Douglas retrucou de modo manso, para evitar desgaste argumentativo – “amor, foi só um caso, esquece isso, você sabe que eu te amo”. Quanta inocência, Douglas. Apelar para o amor em meio a uma discussão é inútil e pode soar falso. Angélica então, como se estivesse realizando um pronunciamento em televisão pública, endireitou o corpo e declamou o poema. “Você é um filho da puta, Douglas, é isso o que você é. Você acha que sou boba? Eu vi você chupando ela. Você fez isso com prazer. Eu vi tudo, tudo! O jeito que você olhava pra ela, o modo como você se manteve inteiro na cama. Aquela mulher quer arruinar nossa relação e é isso que você me diz? Que me ama? E pra ela, você diz o que?”.
Como quem faz uma pergunta retórica e espera a resposta apenas para abafar o som do outro, ela respirou profundamente e ia continuar quando foi interrompida pelo “mas amor”, de Douglas. “Mas amor é o cacete!”, Angélica gritou. “Vai lá com aquela puta, ela não é gostosona? Ela não é melhor do que eu? Vai lá!”. Douglas silenciou, mas em seu pensamento a hipótese dada nunca esteve descartada. Angélica continuou, “diz praquela vadia que se eu pegar você de rolo com ela novamente, eu vou matar ela e enterra ela no nosso quintal pra você lembrar disso quando for atrás de outro rabo de saia. Você me entendeu?”. Douglas não tinha entendido absolutamente nada, mas concordou.
“Eu juro, juro por Deus que se amanhã ou depois eu vejo essa ordinária na rua, no ônibus ou em qualquer outro lugar, eu vou rasgar a cara dela com a minha unha, vou rasgar”. Angélica por fim, se colocando aos prantos, desistiu de algo dizer. Sentou na cama e apenas escutei a voz de Douglas dizendo que “vem cá, esquece ela, tá só a gente, vem cá”.

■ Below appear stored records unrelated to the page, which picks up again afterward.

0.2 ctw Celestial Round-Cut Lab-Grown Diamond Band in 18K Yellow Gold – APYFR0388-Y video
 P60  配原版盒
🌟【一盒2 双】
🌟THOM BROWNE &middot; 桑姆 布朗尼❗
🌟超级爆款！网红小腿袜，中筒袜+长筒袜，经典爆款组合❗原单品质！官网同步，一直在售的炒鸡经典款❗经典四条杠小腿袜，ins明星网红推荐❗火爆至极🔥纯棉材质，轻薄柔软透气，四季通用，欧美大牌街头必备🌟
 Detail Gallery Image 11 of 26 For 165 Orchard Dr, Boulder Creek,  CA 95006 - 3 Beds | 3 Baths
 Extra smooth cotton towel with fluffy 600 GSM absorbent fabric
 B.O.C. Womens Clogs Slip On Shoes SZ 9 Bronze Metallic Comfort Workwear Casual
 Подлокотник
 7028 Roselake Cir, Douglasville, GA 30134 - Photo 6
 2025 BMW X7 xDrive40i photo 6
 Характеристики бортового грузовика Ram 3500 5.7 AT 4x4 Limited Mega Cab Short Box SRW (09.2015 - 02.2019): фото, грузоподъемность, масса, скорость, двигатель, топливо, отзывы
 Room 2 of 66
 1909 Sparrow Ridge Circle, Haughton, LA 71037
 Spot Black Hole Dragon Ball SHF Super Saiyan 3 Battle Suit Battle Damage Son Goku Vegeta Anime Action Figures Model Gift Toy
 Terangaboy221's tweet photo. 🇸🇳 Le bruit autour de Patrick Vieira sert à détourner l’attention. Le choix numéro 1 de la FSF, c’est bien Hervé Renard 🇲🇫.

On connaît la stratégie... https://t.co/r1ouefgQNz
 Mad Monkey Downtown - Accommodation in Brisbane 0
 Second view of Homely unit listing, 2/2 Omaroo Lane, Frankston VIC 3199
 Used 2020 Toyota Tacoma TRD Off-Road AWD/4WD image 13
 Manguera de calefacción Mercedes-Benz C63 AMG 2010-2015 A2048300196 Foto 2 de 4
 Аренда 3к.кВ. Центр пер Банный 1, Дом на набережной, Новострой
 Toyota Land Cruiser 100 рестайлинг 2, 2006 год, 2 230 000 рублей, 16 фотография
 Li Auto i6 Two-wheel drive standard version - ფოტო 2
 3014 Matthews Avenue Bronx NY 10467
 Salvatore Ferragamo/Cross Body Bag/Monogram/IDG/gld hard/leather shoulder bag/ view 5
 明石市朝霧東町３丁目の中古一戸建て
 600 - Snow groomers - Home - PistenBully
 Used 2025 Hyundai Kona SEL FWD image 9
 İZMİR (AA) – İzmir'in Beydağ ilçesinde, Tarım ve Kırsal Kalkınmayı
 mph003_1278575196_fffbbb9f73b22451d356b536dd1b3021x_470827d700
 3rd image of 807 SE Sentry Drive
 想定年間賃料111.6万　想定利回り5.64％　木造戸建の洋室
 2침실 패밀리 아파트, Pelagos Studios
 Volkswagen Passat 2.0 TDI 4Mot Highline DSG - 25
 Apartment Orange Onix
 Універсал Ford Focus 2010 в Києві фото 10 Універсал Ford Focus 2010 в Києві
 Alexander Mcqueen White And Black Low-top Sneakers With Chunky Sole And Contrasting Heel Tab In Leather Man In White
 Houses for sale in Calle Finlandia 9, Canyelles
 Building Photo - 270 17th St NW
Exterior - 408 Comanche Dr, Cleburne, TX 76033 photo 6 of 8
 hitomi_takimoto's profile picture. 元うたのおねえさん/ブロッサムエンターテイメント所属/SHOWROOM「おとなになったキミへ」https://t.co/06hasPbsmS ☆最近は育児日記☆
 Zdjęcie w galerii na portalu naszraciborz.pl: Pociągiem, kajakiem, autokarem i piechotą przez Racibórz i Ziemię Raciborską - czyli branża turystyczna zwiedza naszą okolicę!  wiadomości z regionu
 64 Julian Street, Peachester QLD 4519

Alguns minutos de silêncio sucederam a fala de Douglas. Enquanto digito esse texto, escuto gemidos e também algumas frases soltas do casal, como por exemplo, “olha pra mim”, “com ela você fode assim?”, e outras tais como, “liga pra ela e fala que você tá comigo”. De Douglas, apenas uma frase é proferida espaçadamente com falso remorso, “eu te amo".
Assim, daqui nove meses, nascerá Corenzo da Silva que, como uma amiga me disse, será um dos nomes mais dados para crianças que nascerem em período de quarentena, significando “Enzos que nasceram pós-pandemia (ou durante) do coronavírus”. Se for menina, Douglas, caso não tenha desaparecido até lá, como bom representante da família tradicional brasileira, dará o nome de Clara da Quina Silva.